[[ Data for the task open ]]

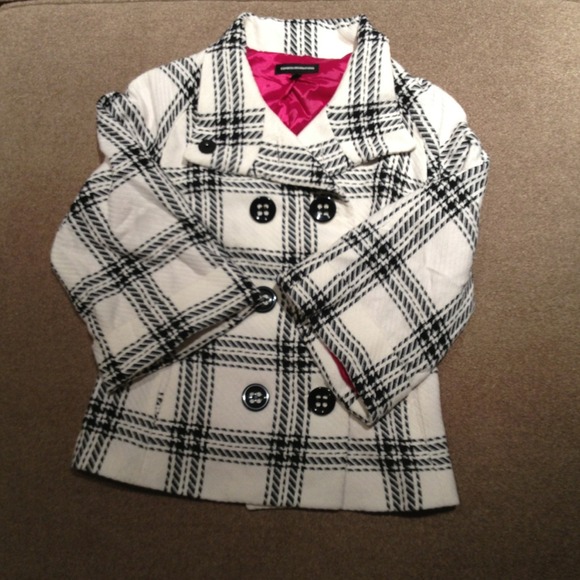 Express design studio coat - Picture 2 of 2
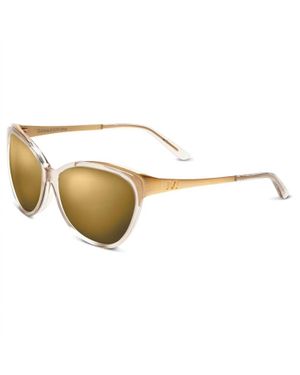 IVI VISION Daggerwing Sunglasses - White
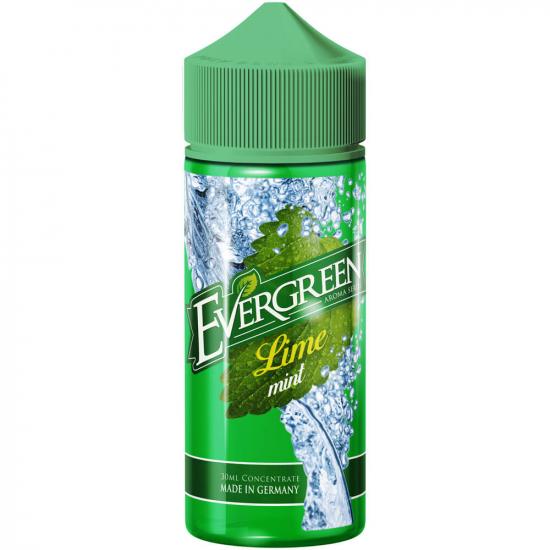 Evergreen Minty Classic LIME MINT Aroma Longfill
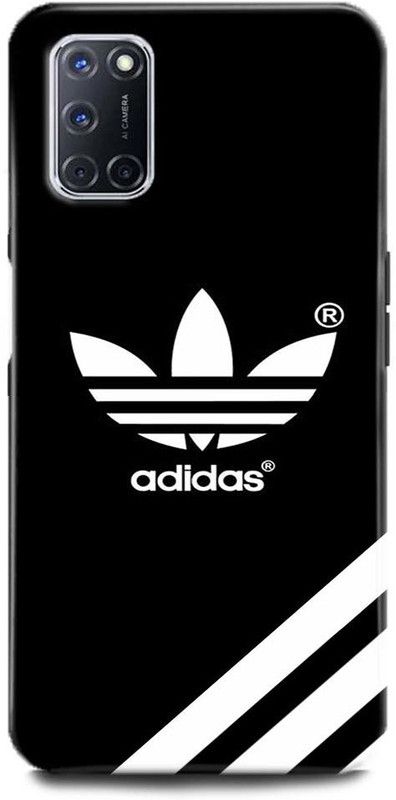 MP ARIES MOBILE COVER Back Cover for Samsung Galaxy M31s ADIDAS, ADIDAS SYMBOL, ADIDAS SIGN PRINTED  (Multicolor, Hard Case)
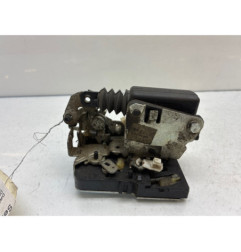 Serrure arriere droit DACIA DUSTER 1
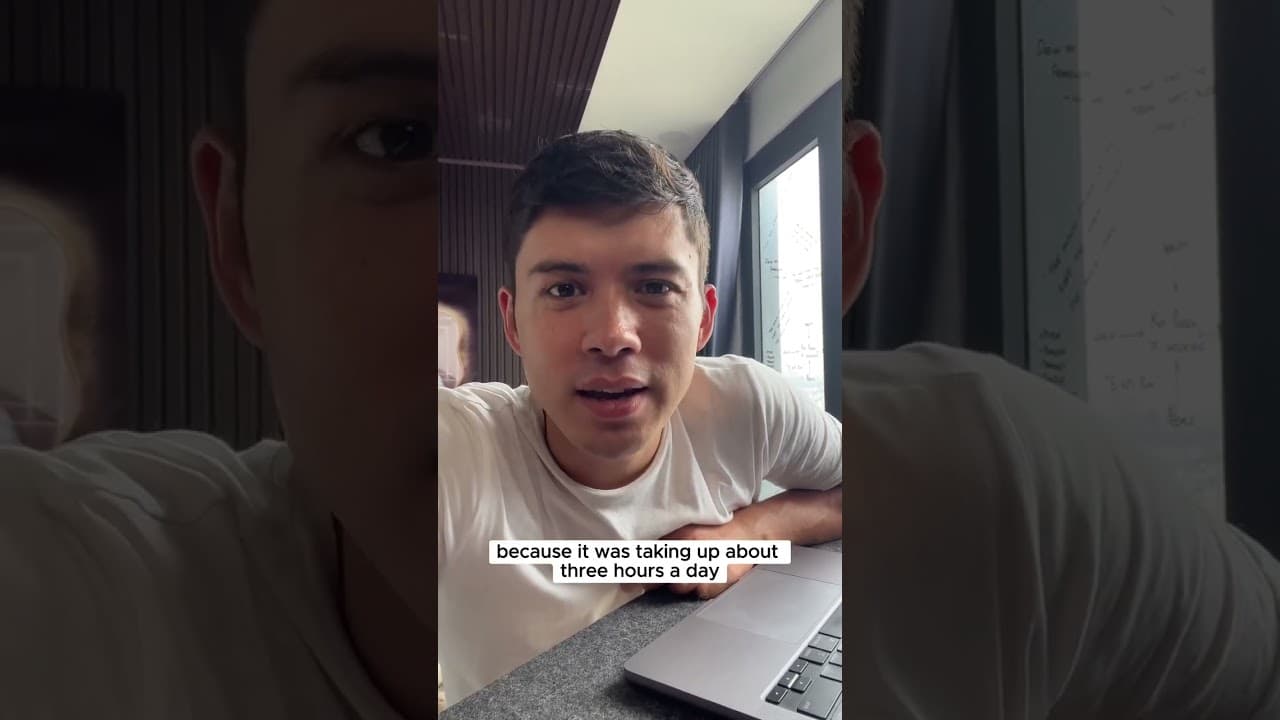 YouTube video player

[[ Data for the task closed ]]

Problem
Word for word, restate only the lines from the one bearing "Serrure arriere droit DACIA DUSTER 1" through the final line of the listing, inclusive, with no pictures.

Solution to the problem
 Serrure arriere droit DACIA DUSTER 1
 YouTube video player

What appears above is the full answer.